One of the things I often find myself doing is collecting data from external sources to get at feeds of data such as weather, pricing, scheduling etc... Often these sources have been around for a while and the world of APIs has moved on, meaning we often find data in massively nested structures, XML formats and some other weird formats.
One source of data I've been working on lately returns the data column-wise, where each field then lists all of the row values in an array, for example.
{
"column1": [1.1, 2.2, 3.3, 4.4],
"column2": ["a", "b", "c", "d"]
}
I'm not going to argue if this is the right way or not, it makes sense in some situations and not others, it's all about perspective. But one of the useful things with this data is that I can guarantee that there will always be the same number of values.
The data is being collected using Azure Functions in a function written in C#, and through various manipulation gets into a good structure for use elsewhere, including being written out to Parquet using Parquet .NET. But one of the things I wanted to do was to call the API quickly and produce a reasonable output so that I could view it using Excel (or using the CSV preview extension for Visual Studio Code).
To me the obvious solution was to break out Python and use the requests library to make the API call, then use the Pandas DataFrame from_dict method to create the data frames, and use Python dictionary comprehension to produce the dictionaries.
In the case of this API the response is in JSON format which makes getting the data from the API a lot easier as we can just grab the bit of the response we're interested in. Then it's pretty much a one-liner to produce the data frame.

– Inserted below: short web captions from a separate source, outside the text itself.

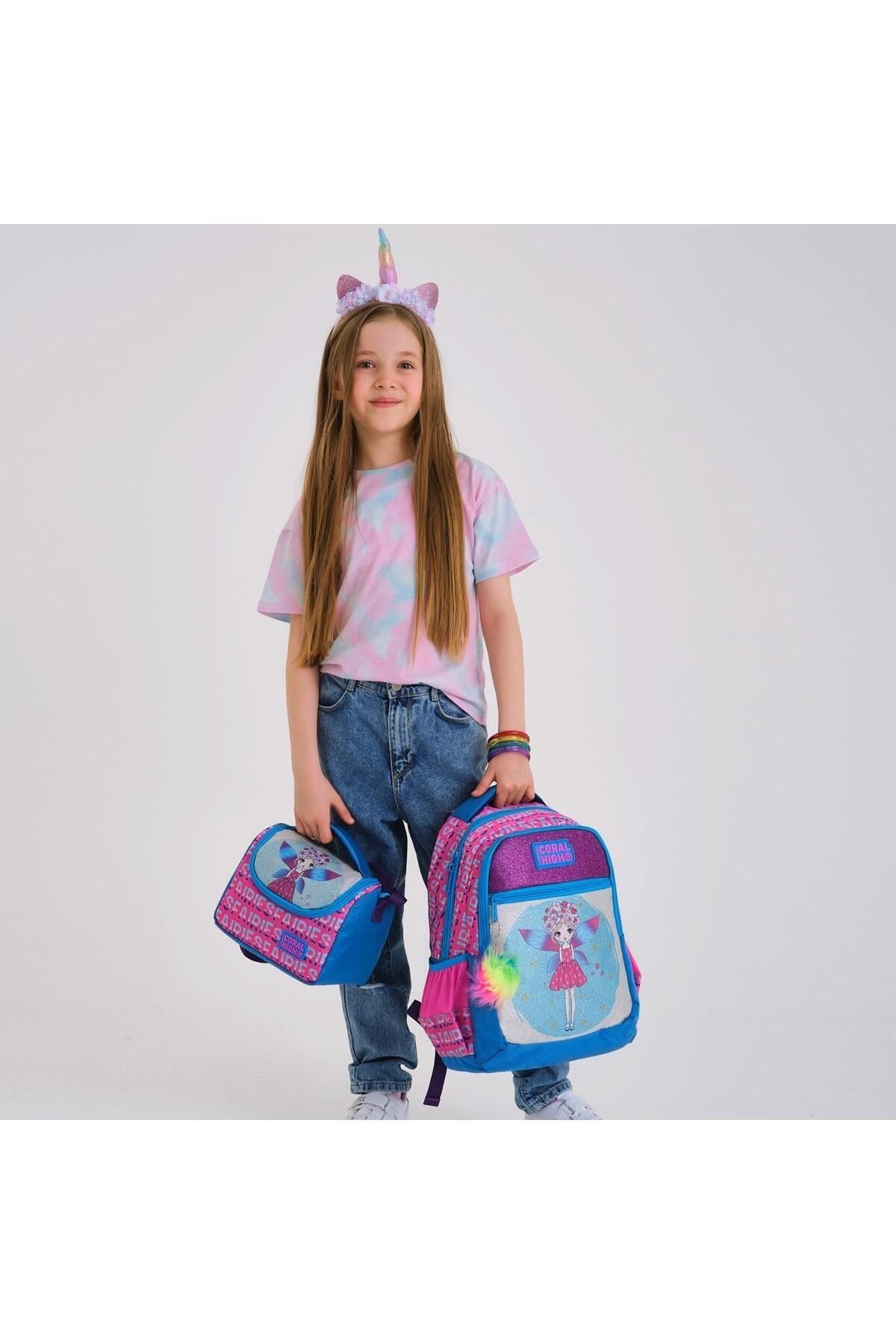 Kids 23484 Pembe Mavi Peri Desenli 3’lü Okul Çanta Seti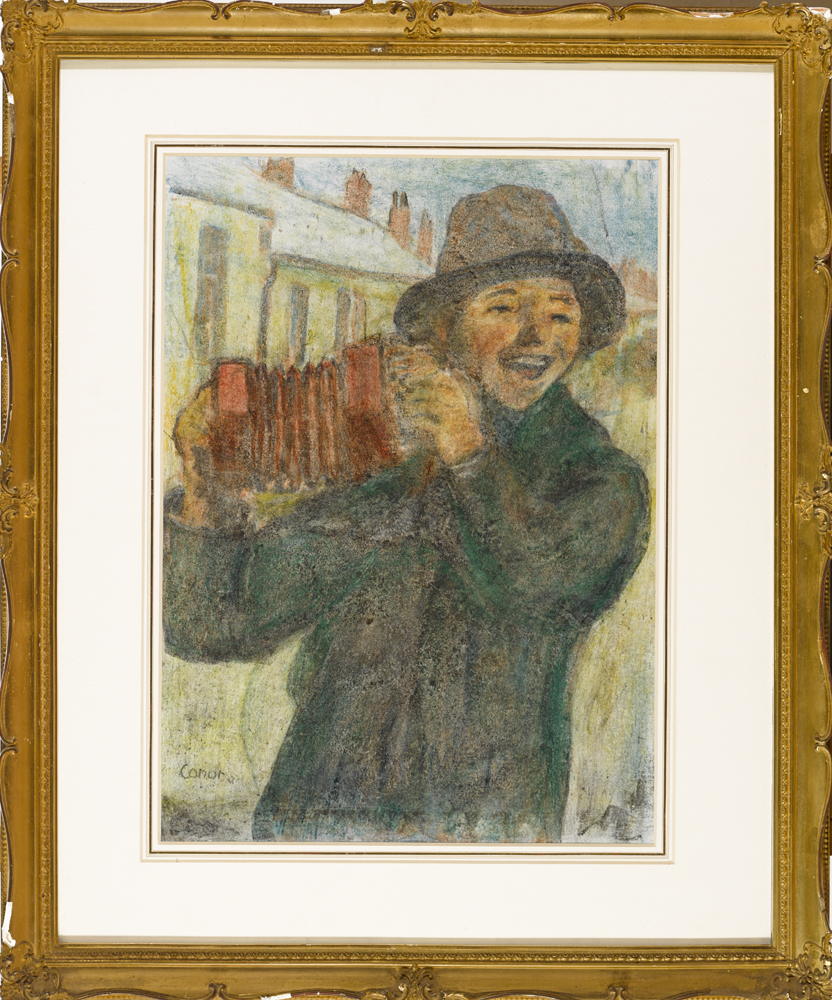 William Conor OBE RHA RUA ROI (1881-1968) THE ACCORDION PLAYER crayon signed lower left Collection - Image 2 of 2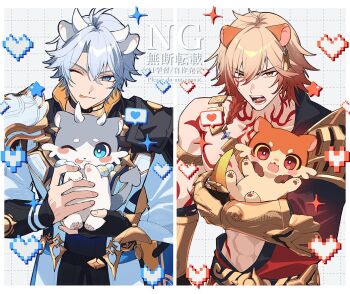 Rule 34 | 2boys, animal ear hairband, animal ears, antenna hair, arm tattoo, armlet, armor, black choker, black coat, black gloves, black shirt, blonde hair, blue cape, blue eyes, braid, cape, chest tattoo, chimera (honkai: star rail), choker, clawed gauntlets, coat, commentary request, creature, earrings, facial tattoo, fake animal ears, fingerless gloves, gloves, gold earrings, gold necklace, gradient hair, hairband, heart, holding, holding creature, honkai: star rail, honkai (series), jewelry, male focus, medium hair, multicolored hair, multiple boys, mydei (fig stew) (honkai: star rail), mydei (honkai: star rail), neck tattoo, necklace, one eye closed, open clothes, open coat, parted bangs, pauldrons, phainon (honkai: star rail), phainon (vigethos) (honkai: star rail), red hair, red tattoo, sakura 0270, shirt, short hair, shoulder armor, side braid, single glove, single pauldron, spoken heart, sun symbol, sun tattoo, tan, tattoo, tongue, tongue out, watermark, white coat, white hair, yellow eyes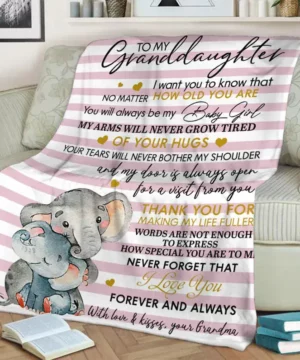 To My Granddaughter.Baby Girl  Fleece Blanket.Mink Blanket.Sherpa Blanket.Anniversary Gift.Family Blanket.Baby Blanket - Super King - Ettee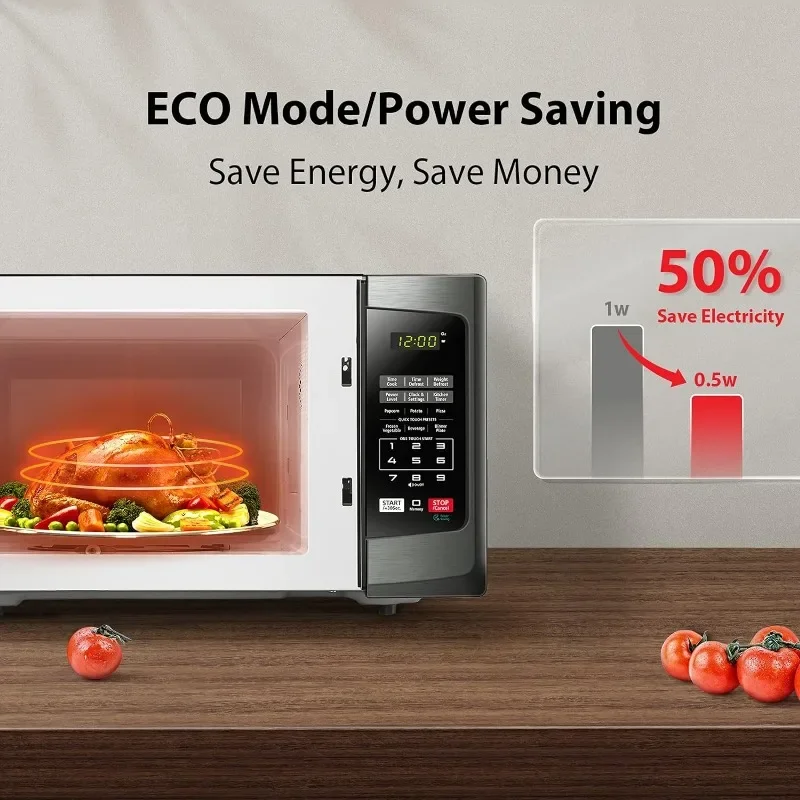 HAOYUNMA 0.9 Cu Ft 900W forno a microonde da appoggio, giradischi da 10.6 '', 6 menu, muto, modalità ECO, blocco bambino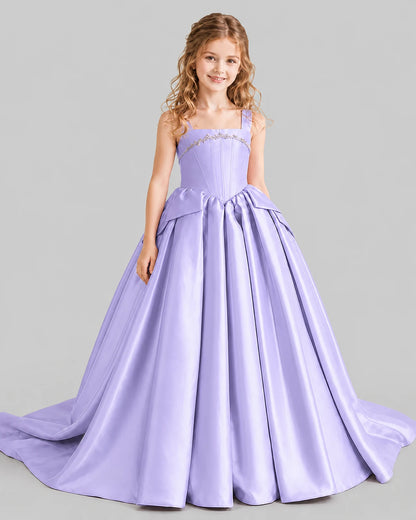 Lavender Ball Gown Girls Pageant Dresses Front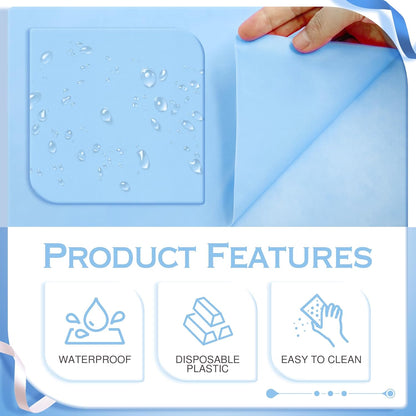 Light Blue Rectangle Tablecloth Set - 4 Pieces, 54"x72", Waterproof and Spillproof Disposable Plastic Covers for Dining, Buffets, Picnics, and Outdoor Events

df = pd.DataFrame.from_dict({k: pd.Series(data[k]) for k in sorted(data.keys()) if k != 'Excluded column'})
At this point I was sorting the keys so that I could keep the output consistent.
Just to keep things interesting I decided to output the data to an Excel workbook. This took a little more code and I wanted to produce a file using the current date as the filename.
writer = pd.ExcelWriter('{}.xlsx'.format(datetime.now().strftime('%Y%m%d')))
df.to_excel(writer, 'Sheet 1', index=False, freeze_panes=(1, 0))
writer.save()
I did try this in C# to start with but for one-off exploration it's hard to argue with doing things using this few lines of code compared to the significantly more complex C# code.